Demokrasi için dövüştüğünü söyleyenler, sosyal adalete inananlar, ülkelerinde gençler ölürken suspus olurlar...

Barışa inandığını söyleyenler savaşı körükler, silahı olanlar silahsızları ezer...

On dokuz saniye politikacılarıdır onlar, dokuz saniyelik yarışta tık nefes olur kalırlar...

***


Atatürkçüsü, ulusalcısı, solcusu, askercisi, ‘Batı uygarlığını hedef alıyorum’ der...

O çok beğendikleri Batı, bir gün senin yaptıklarını eleştirirse, mesela ‘insan haklarına geçmen lazım’ derse Batı’ya hayran herkesin ‘bağımsızlığımıza saldırıyorlar’ diye bağırdığını görürsünüz...

On dokuz saniyede rahatça sahip çıkılan Batılı değerler, yüz metre dokuz saniyede koşulurken en büyük düşman haline dönerler çünkü..

***


Haksızlığa tahammül edemeyenler, haksız yere hapishanede olduğuna inandığı insanlar olduğuna inananlar, bunlar için naralar atanlar, işçi hakları için canlarını verenler, başkaları için yürüyüş yapanlar, en çığırtkanlar, haksızlıklar için ölürüz diyenler, yüz metre on dokuz saniyede koşulurken en keskin mücadeleci geçinenler haksızlıklar işçilerin, Kürtlerin, tanımadıklarının başına geldiğinde seslerini çıkartmazlar...

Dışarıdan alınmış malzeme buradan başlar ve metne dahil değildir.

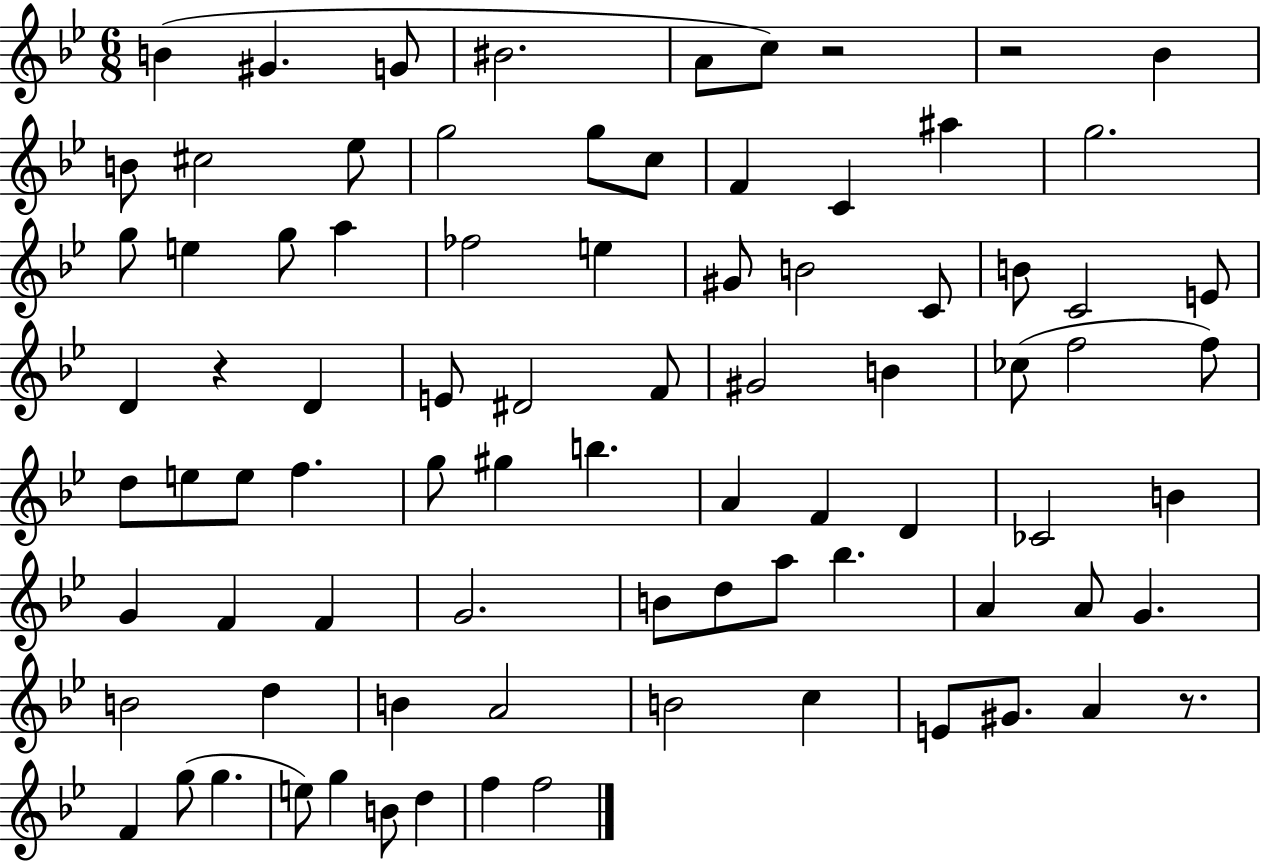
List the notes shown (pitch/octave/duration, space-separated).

Onlar on dokuz saniyenin adaletçileridir çünkü... dokuz saniyeyi çıkartamazlar.

***


İnsanların gücü, nefesi, donanımı, birikimi, cesareti, dayanıklılığı, yüz metre on dokuz saniyede koşulduğunda neredeyse birbirine eşit gözükür...

Herkes birlikte koşar ama işler keskinleşip de ‘yüz metre dokuz saniyede koşulacak’ dendiğinde asıl farklar çıkar ortaya, kimin, nerede, nasıl döküldüğü, taraf değiştirdiği, yarışı terk ettiği ve yarışa devam edenlere çılgınca öfkelendiği anlaşılır...

***


Türkiye yüz metrenin dokuz saniyede koşulacağı bir dönemden geçiyor.

Herkes kendi karar verecek yarışı kaç saniyede koşacağına...

Ama bundan sonra on dokuz saniyede koşup, dokuz saniyede koştuğunu söyleyenler öyle kolay kandıramayacak insanları.